Mike Fazah has been named the director of the Propulsion Systems Department in the Engineering Directorate at NASA’s Marshall Space Flight Center. Center Director Joseph Pelfrey made the announcement in early November.
In his role, Fazah will oversee a workforce of more than 370 civil servants and contractors and a budget of almost $95 million. The Propulsion Systems Department plans, directs, and executes technology maturation, advanced design and development, testing, and engineering excellence of propulsion systems and components for NASA’s space transportation systems.
He previously served as deputy director of the Propulsion Systems Department in the Engineering Directorate from 2020 to 2024.
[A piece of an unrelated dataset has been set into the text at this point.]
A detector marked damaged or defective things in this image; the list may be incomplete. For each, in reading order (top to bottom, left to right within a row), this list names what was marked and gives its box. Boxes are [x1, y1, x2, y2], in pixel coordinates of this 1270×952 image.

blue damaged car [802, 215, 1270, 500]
Fazah, who has worked at NASA for more than 30 years, assumed the Senior Executive Service (SES) position after serving as senior technical assistant to former Marshall Associate Director, Technical, Preston Jones. In that role, he led special studies and provided technical guidance and technology strategy recommendations to senior Marshall and NASA leadership.
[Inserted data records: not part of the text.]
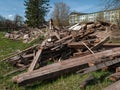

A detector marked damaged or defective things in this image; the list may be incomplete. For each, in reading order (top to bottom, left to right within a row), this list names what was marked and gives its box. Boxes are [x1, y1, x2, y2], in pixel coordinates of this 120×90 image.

splintered wood beam [27, 47, 43, 72]
splintered wood beam [12, 47, 120, 85]
broken wooden plank [12, 47, 120, 85]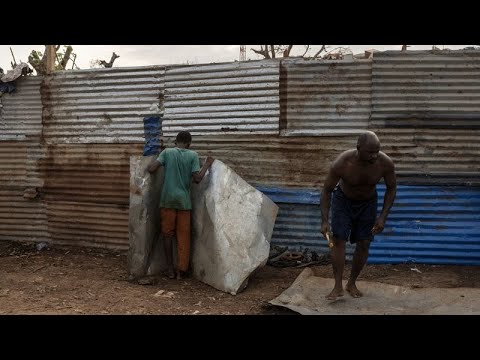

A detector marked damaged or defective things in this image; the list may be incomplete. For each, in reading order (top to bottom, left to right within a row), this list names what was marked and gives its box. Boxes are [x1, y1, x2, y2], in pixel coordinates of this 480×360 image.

rusty metal panel [0, 76, 42, 140]
rusty metal panel [42, 66, 165, 143]
rusty metal panel [163, 60, 280, 136]
rusty metal panel [282, 58, 372, 136]
rusty metal panel [372, 49, 480, 125]
damaged structure [0, 50, 480, 264]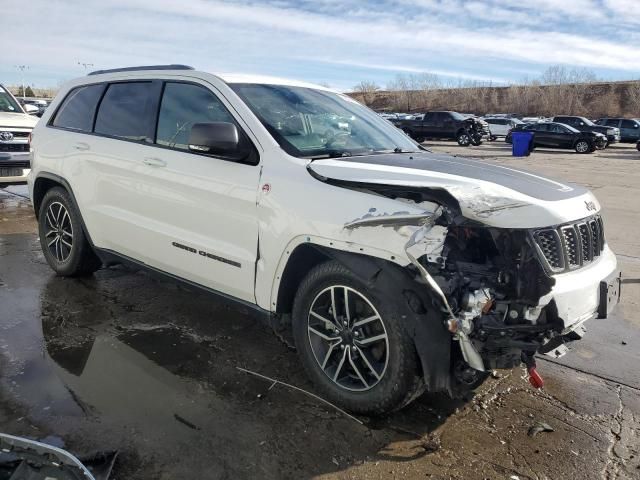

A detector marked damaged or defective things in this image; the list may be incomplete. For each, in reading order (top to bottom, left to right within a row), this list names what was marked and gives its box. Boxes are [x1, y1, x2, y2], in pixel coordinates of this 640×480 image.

crumpled hood [0, 111, 37, 128]
crumpled hood [310, 153, 600, 230]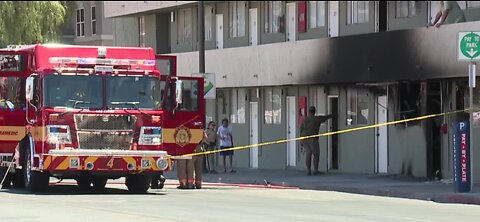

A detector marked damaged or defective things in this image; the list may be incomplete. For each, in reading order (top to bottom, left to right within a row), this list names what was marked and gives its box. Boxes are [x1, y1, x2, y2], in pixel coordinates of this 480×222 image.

fire-damaged building [105, 1, 480, 181]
Fazah managed Marshall’s Systems Engineering and Integration Division from 2013 to 2019. He was also on detail from 2017 to 2018 to the Commercial Crew Program Launch Vehicle System Office, where he was deputy manager, leading the certification of SpaceX Falcon 9 and United Launch Alliance Atlas V rockets for crewed flights.
In 2016, he took a rotational assignment at NASA Headquarters as deputy enterprise integration manager for the Exploration Systems Division of NASA’s Human Exploration and Operations Mission Directorate. He supported the integration of the Space Launch System, Orion crew vehicle, and Artemis I mission ground systems.
Since joining NASA in 1998 as a reliability engineer, Fazah has led multiple divisions within Marshall’s Propulsion Systems Department, Spacecraft and Vehicle Systems Department, and Space Systems Department.
A native of New York, Fazah received an undergraduate degree in aerospace engineering in 1988 from Polytechnic University — now New York University’s Tandon School of Engineering — in Brooklyn, and a master’s degree in mechanical engineering in 1994 from The University of Alabama in Huntsville. During his NASA career, he has earned numerous awards and certificates of appreciation, including a NASA Outstanding Leadership Medal in 2011.
Fazah and his wife, Angela, live in Huntsville. They have two adult children.